Naomi Long is hardly alone in fearing Stormont will return only to collapse again.
“Given the fragility of relationships, not just between the parties but inside some parties, if we are going to have stable institutions the government now needs to engage seriously on the issue of reform,” the Alliance leader said on Tuesday.
While that may be true, a restored Stormont should be more stable than is widely realised. Significant reforms have already been delivered under the 2020 New Decade, New Approach deal. If one of the largest parties walks out of the executive, every other party remains in office for six months, rather than the previous one or two weeks. The Assembly remains in operation until an election is called, which in practice could be several years, able to pass laws that thwart or subvert a boycott. The potential of this is one reason why the DUP collapsed the Assembly in 2022, having initially said it would only collapse the Executive. There have also been reforms to the Assembly’s veto mechanism, the petition of concern.

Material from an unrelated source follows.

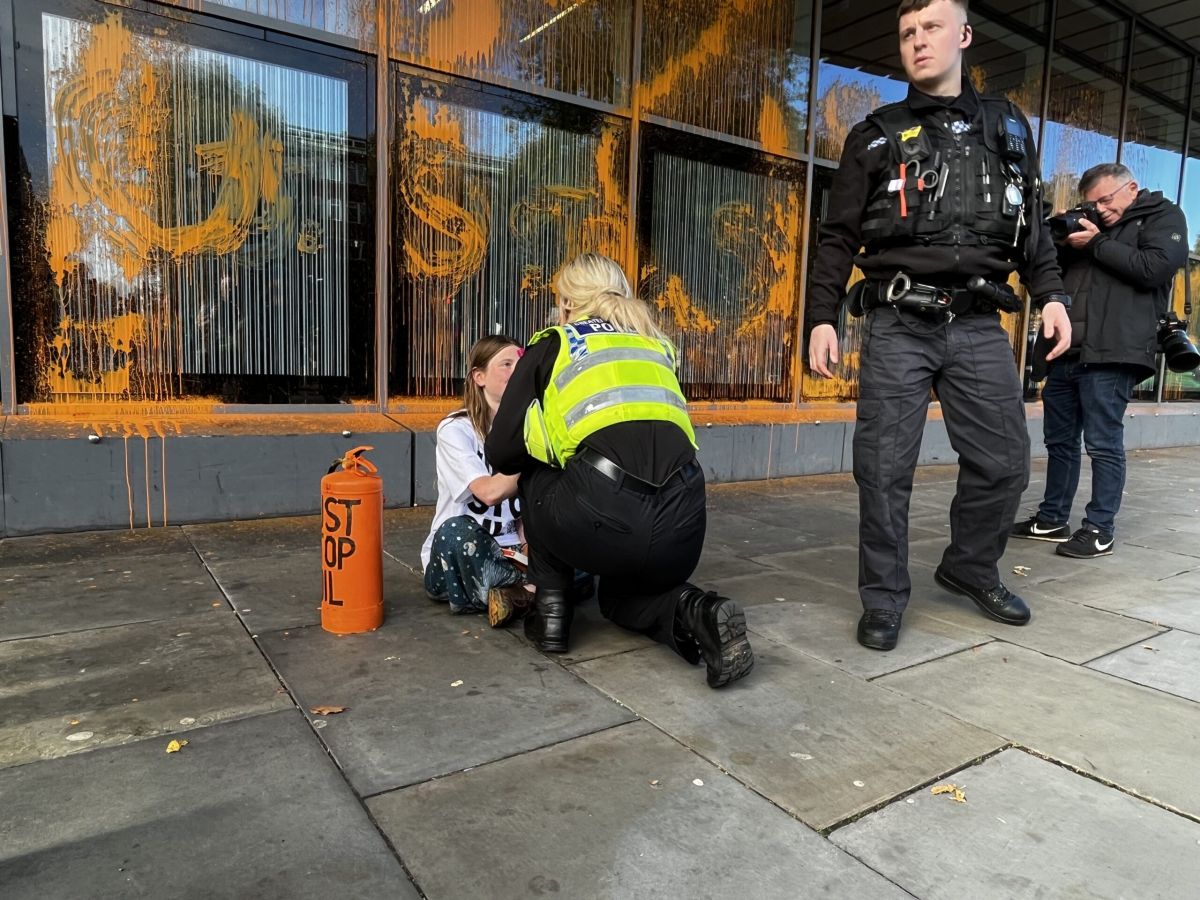 BREAKING: Just Stop Oil deface University of Manchester building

The impact of these changes has never been tested because they were not enacted until February 2022, five days after the DUP’s first minister resigned. A month later, the Assembly had to be dissolved for a scheduled election.
Walking out of Stormont is now a different proposition. The next Assembly election is due in May 2027. Any party quitting the executive before then would be leaving everyone else to govern without it for six months, then legislate for further months or years.
Mid-2027 will take Stormont well beyond the next British and Irish general elections. It is enough time for Sinn Féin to get into office in Dublin and for unionists to get used to it – or for Sinn Féin to not get into office and get over it.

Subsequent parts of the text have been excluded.